WHAT YOU ARE ASKED TO DO: In the material below, write out each line word for word and omit the pictures.

DATA EXCERPT:
+ + + + +

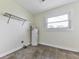 Small utility room with tile flooring, storage shelves and a window at 14367 Fincher Rd, Canton, GA 30114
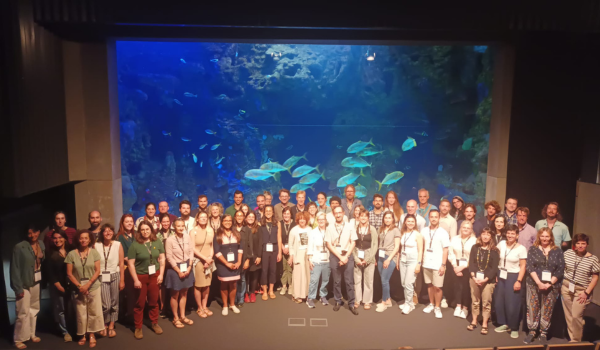 Group photo of 2023 Summer School in San Sebastian, Spain. The group is at the aquarium, standing in front of a tank of different fish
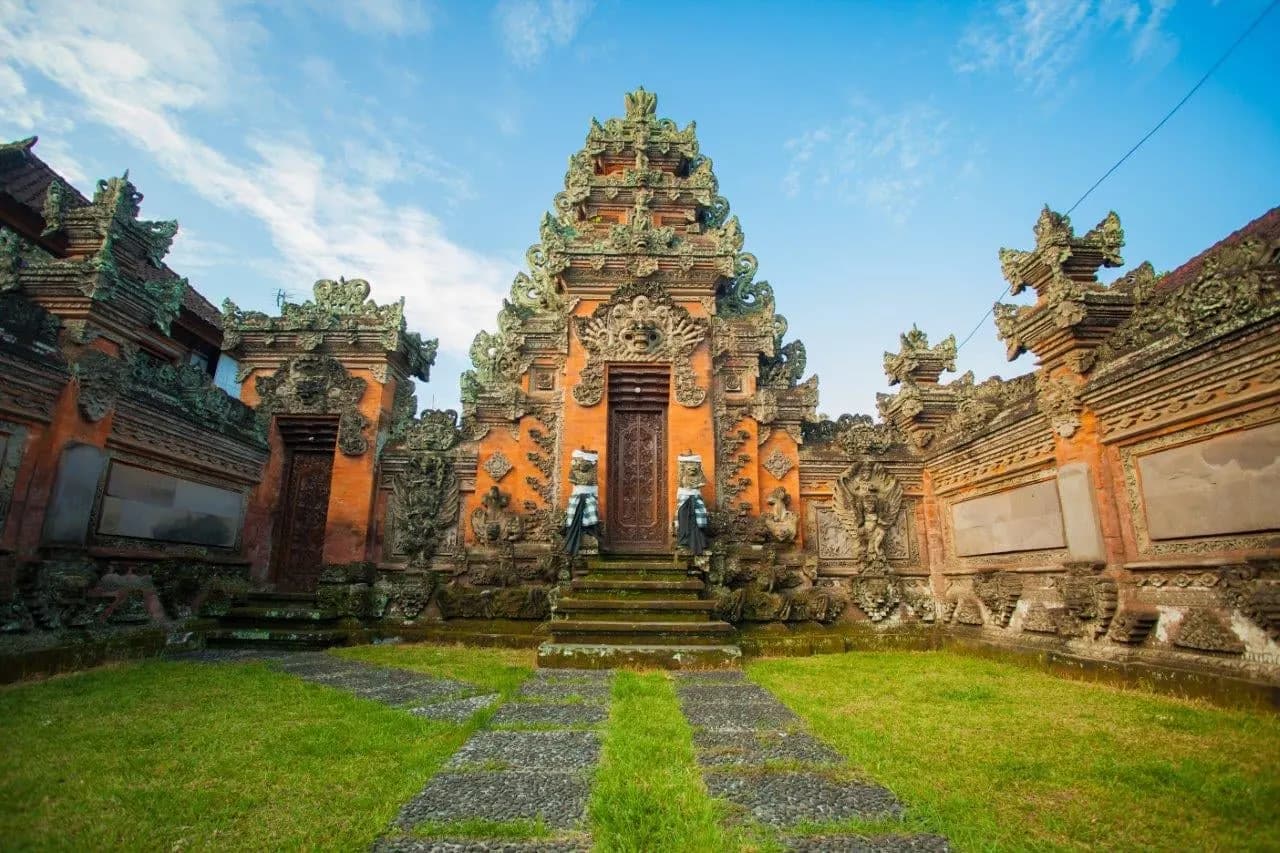 A carved red-brick Balinese temple gateway at the end of a stone path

+ + + + +

RESPONSE:
 Small utility room with tile flooring, storage shelves and a window at 14367 Fincher Rd, Canton, GA 30114
 Group photo of 2023 Summer School in San Sebastian, Spain. The group is at the aquarium, standing in front of a tank of different fish
 A carved red-brick Balinese temple gateway at the end of a stone path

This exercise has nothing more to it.